Brought to you by TJ13 writer Marek

After the European Grand Prix in Baku the F1 circus heads to, well, Europe, moving on to the Austrian Grand Prix at the Red Bull Ring. After a scrappy weekend last time out for Lewis Hamilton saw his good work of Canada undone, Lewis will be looking to get back on track again as he bids for a 3rd consecutive world championship. Only one driver has managed to win the Austrian Grand Prix 3 times (Alain Prost managing the feat during the 1980s), but Nico Rosberg has won here on both occasions since the track returned to the calendar in 2014, and will surely fancy his chances of tying the great Prost for the most wins at this event. Red Bull will be pulling out all the stops to entertain at their home grand prix, with the Red Bull Skydiving team and the Flying Bulls in action to entertain over the weekend, but the track has not been a happy hunting ground for the team, who could do with a lift after a poor European Grand Prix saw them lose momentum in their battle against Ferrari.
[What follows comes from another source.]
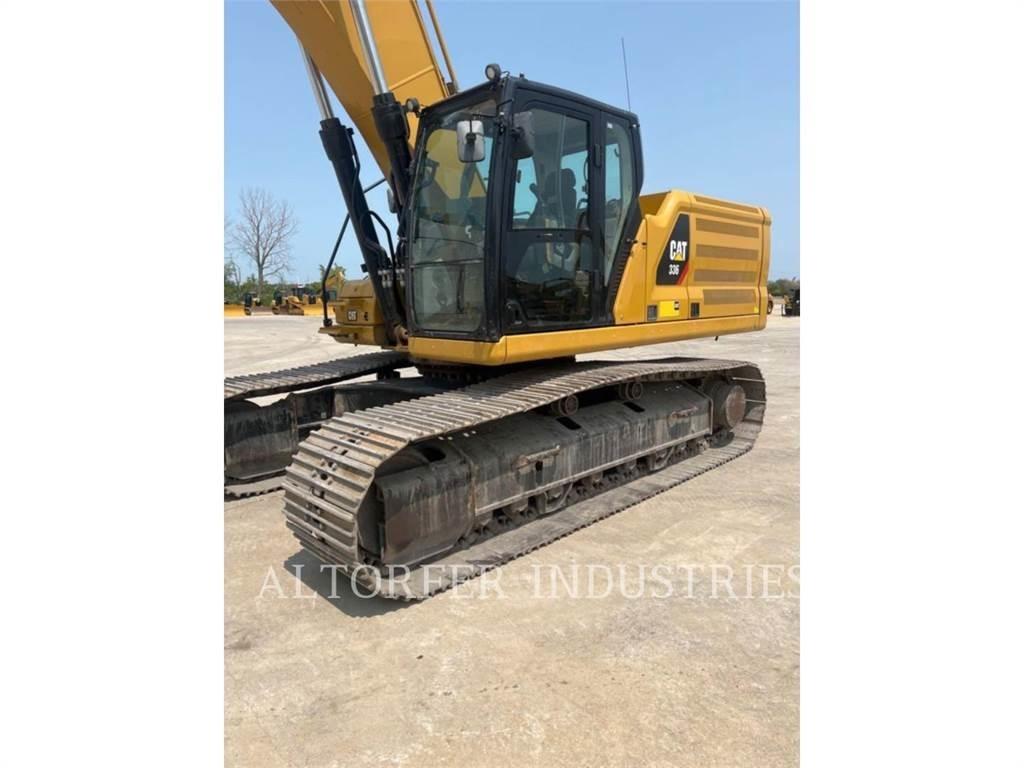 CAT 336-07 Pásová rýpadla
Last year’s race saw Lewis Hamilton take pole position, but Nico Rosberg got the jump on him at the start and led all the way to the finish. Kimi Raikkonen lost control coming out of turn 2 on the opening lap and collected Fernando Alonso, with Alonso ending up sliding along the barrier on top of the Ferrari. Hamilton incurred a time penalty for crossing the white line on the pit exit, and ended the race behind Rosberg, but even with the time penalty to be added he still took second. Vettel had looked good for third, but lost out in the pits after a botched Ferrari pit stop, and Massa took the third podium slot for Williams.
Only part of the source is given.